Что-то в ее тоне подсказало Туомасу, что сама Майя не до конца разделяет категоричность собственных слов.
— И вы… собираетесь вместе? Устраиваете… — он запнулся, не припомнив аналога на русском. — Noitapiiri? Sapatti?
— Шабаш, да. Мы так иногда его называем, — Майя улыбнулась. — Прямо как в сказках. Но сейчас в этом не осталось ничего страшного. Просто проводим ритуалы колеса года или провожаем старый, поем песни, обмениваемся опытом.

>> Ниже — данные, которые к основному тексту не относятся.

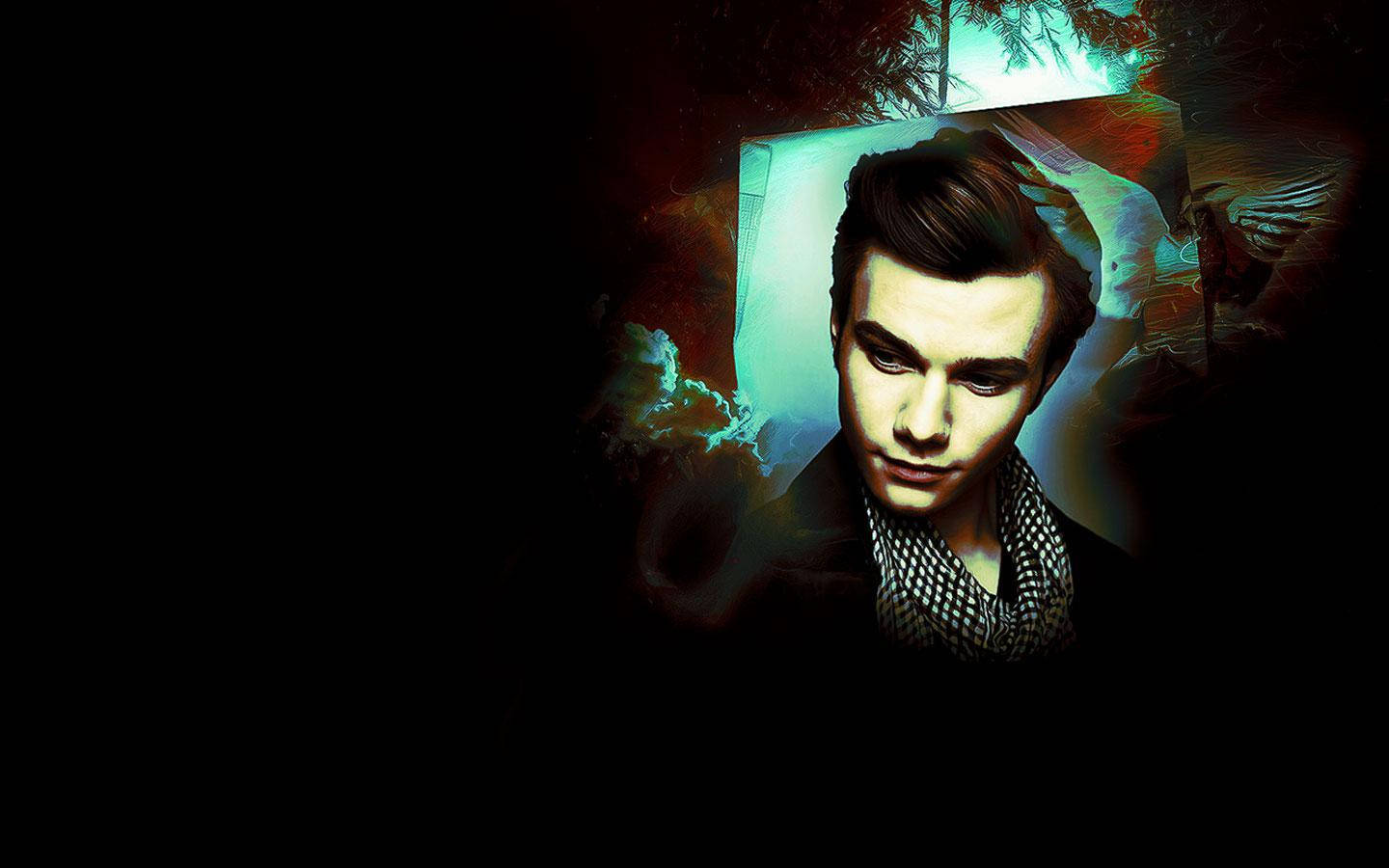 नाटकीय प्रकाश में अभिनेता Chris Colfer वॉलपेपर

Туомас некоторое время размышлял над услышанным. Современные ведьмы с красивыми свечками и хороводами под приятную музыку? Он снова оглядел комнату, которую до этого видел лишь мельком из-за резкой реакции на запахи. Сейчас же, благодаря предусмотрительно распахнутым окнам, он почти их не чувствовал. Рассказ Майи казался слишком упрощенным, словно что-то важное оставалось невысказанным, но Туомас не ощущал себя вправе учинять допрос… только не сейчас и не так.
Ему нужно бежать, но, если ей так важна эта исповедь, он готов ее выслушать.
— Почему ты… Что, каждый может вот так стать ведьмой? Готовить всякие… травки?
— Не каждый, — качнула головой Майя. — Многим это и не нужно — они просто любопытствуют, а потом идут своей дорогой.
Туомаса осенило:
— Твоя тетя Анфиса… Это она тебя научила?
— Можно и так сказать. — Майя больше не улыбалась. — Тетя Анфиса была очень известной ведьмой. Настоящие чудеса творила: иногда смотрела человеку в глаза, касалась пальцами висков — и он чувствовал себя намного лучше. У меня… нет такого дара.
Туомас рассеянно кивнул. Это было ему понятно — унаследовать дело близкого человека и посвятить ему жизнь, даже если сам не настолько хорош. В свое время так же поступила и Ханна, став по примеру матери медсестрой в госпитале. Туомас поначалу сомневался, что это действительно ее призвание, — они вели длинные разговоры о том, что не стоит брать на себя никаких обязательств в память об умерших, но время показало, что он ошибался, — Ханна получала от работы настоящее удовольствие и в придачу познакомилась в больнице с Уве. Теперь у нее есть на кого опереться, раз уж брату не повезло встретиться с оборотнем в ночь полнолуния. Так или иначе, он всех оставит позади… и чем раньше с этим смирится, тем лучше.
Тишина больше не давила, и Туомас наконец нашел в себе силы начать рассказ.
— Сегодня привезли мальчика, он очень сильно пострадал. Страшные раны, казалось, на нем не осталось живого места. Три часа операция. И я… Мне было так больно его видеть потом, что я… я подумал… Он может никогда не оправиться! Это не будущее, это проклятие. Это боль и мучения близких. Зачем такая жизнь, когда ему всего… — Туомас сообразил, что не знает, сколько подростку лет. — Может, лет двенадцать… И он будет страдать всю жизнь! Никто не вернет ему вчерашний день, когда все было в порядке. Я… — он не смог закончить фразу.
Майя ждала. Помолчав, Туомас добавил:
— Доктор Герман теперь меня и на порог не пустит. И будет прав.
— Чушь какая! — Майя взмахнула рукой у него перед носом, даже не пытаясь выяснить, что же случилось в больнице. — Собирался бы не пустить — я бы уже знала. Завтра пойдешь с утра к нему и все выяснишь.
Она помедлила, потом подошла и осторожно положила руки ему на плечи.